Le prince de Ligne mourut, il y a trois jours; il étoit assez vieux; sa femme s'en retourne en Flandre. Il y en a huit qu'un fameux théatin, nommé le P. Vintimille, fut chassé; il étoit intrigant, à ce qu'on dit, des amis de feu don Juan, et ennemi déclaré de la reine mère; il eût fort souhaité d'être confesseur de la jeune reine; il ne lui auroit pas fait des scrupules de rien; il est ami de la connétable Colonne que je n'ai point encore vue, parce que je n'ai fait aucune visite: je les commencerai bientôt, et la verrai des premières. Elle ne sort point de son couvent: on croyoit qu'elle demeureroit chez la marquise de los Balbasès, sa belle-sœur; mais cela ne sera pas.

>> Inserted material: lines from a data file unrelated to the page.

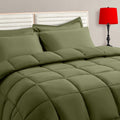 TAIMIT Olive Green Queen Comforter Set - 7 Piece Bed in a Bag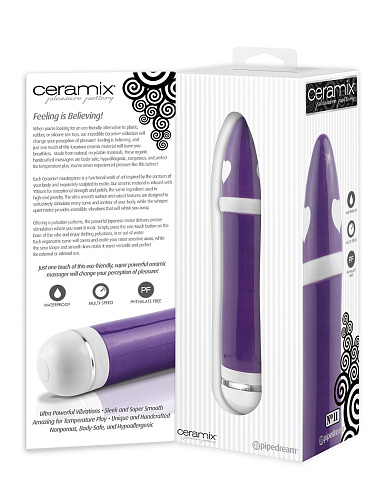 Гладкий керамический вибромассажёр с сердечками фиолетового цвета Pipedream Ceramix №11 PD4911-00 (20,3 см)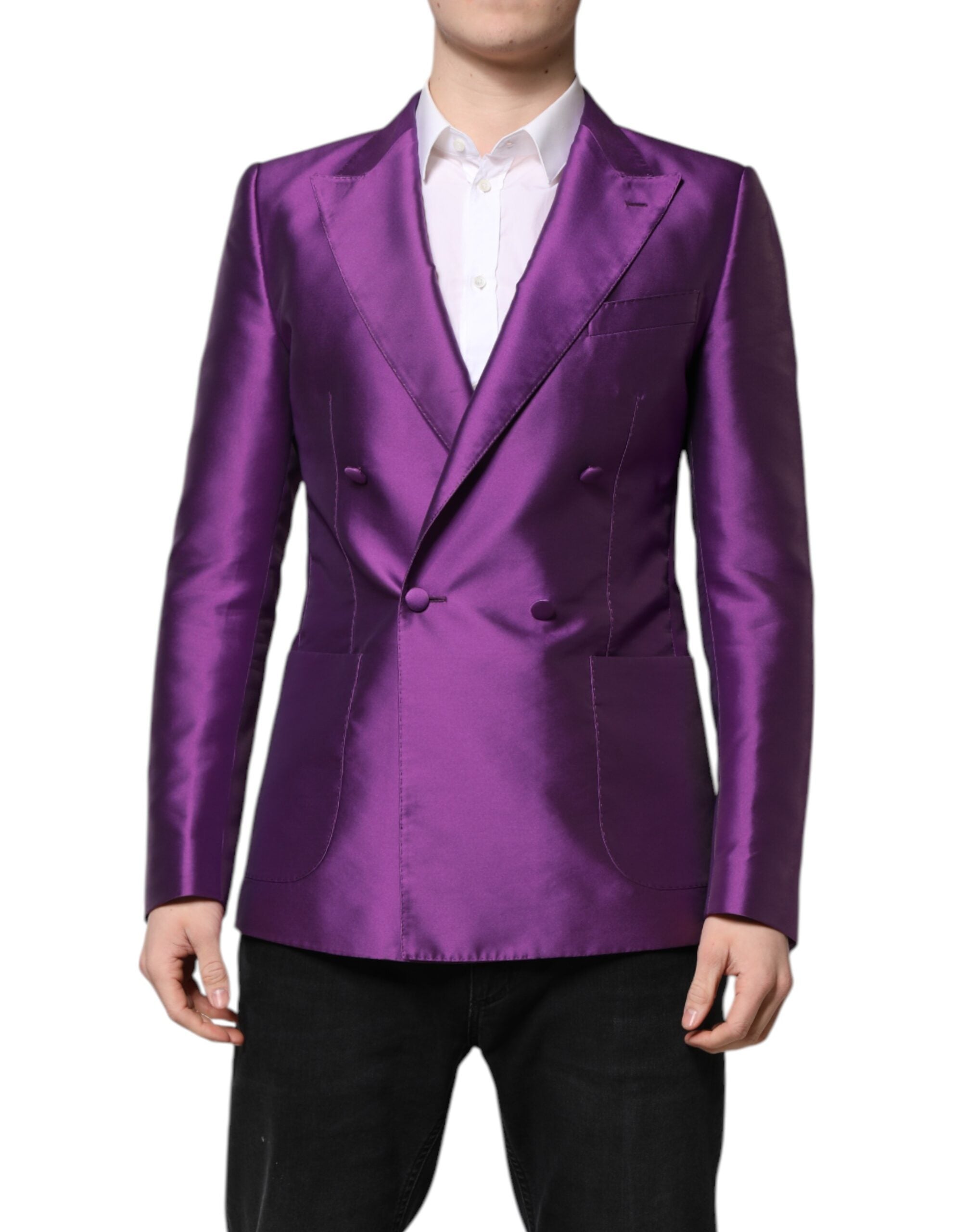 Veste blazer pour homme Dolce & Gabbana violette à double boutonnage, élégante et ajustée, vue de face sur mannequin.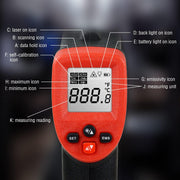 high precision infrared thermometer professional industrial temperature gun etm550 non-contact lcd display digital laser thermometer-50550ƒ - ETM550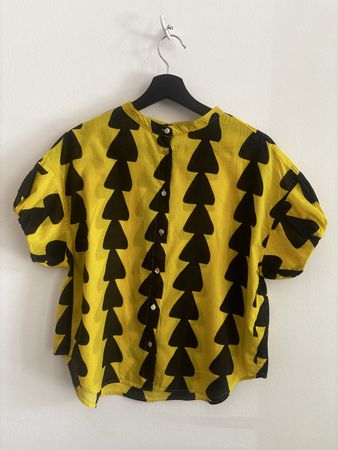Parfois top yellow black print size XS/S used
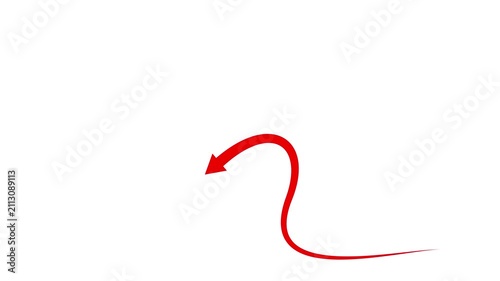arrow curve growth animation, alpha channel Doodle arrow on transparent background motion design. 4K resolution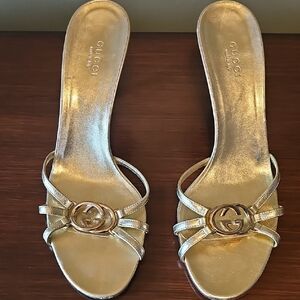 Gucci Metallic Gold Women's Sandals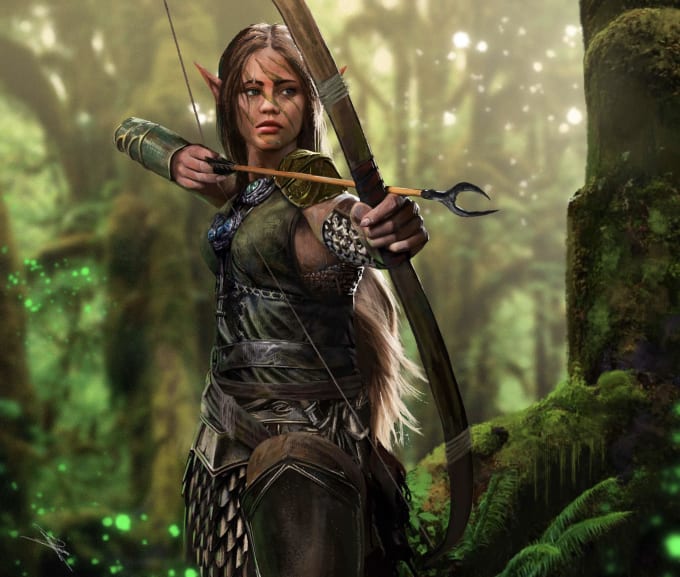 I will draw your fantasy character from dnd or video game for you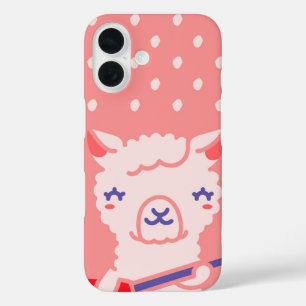 Coque Pour iPhone 16 Kawaii Llama Rockstar Cute Rose Guitare Animal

Le duc d'Ossone continue de ne pas aller à la cour.

Il y a très-souvent, ce qu'on appelle des cérémonies de chapelle, dans l'église qui touche la maison où leurs majestés sont à présent; on voit la reine à travers les barreaux d'une tribune; elle est très-magnifiquement parée, aussi bien que toutes les dames: ce lieu d'oraison n'est pas moins chéri d'elles. La fête de Noël est solemnisée dans le palais par des parures extraordinaires, et la comédie sur les quatre heures. Sans beaucoup me divertir ici, je vous dirai, madame, qu'il n'y a lieu au monde où je voulusse être qu'en Espagne, tant que M. de Villars y sera, cela s'entend; voilà la pure vérité.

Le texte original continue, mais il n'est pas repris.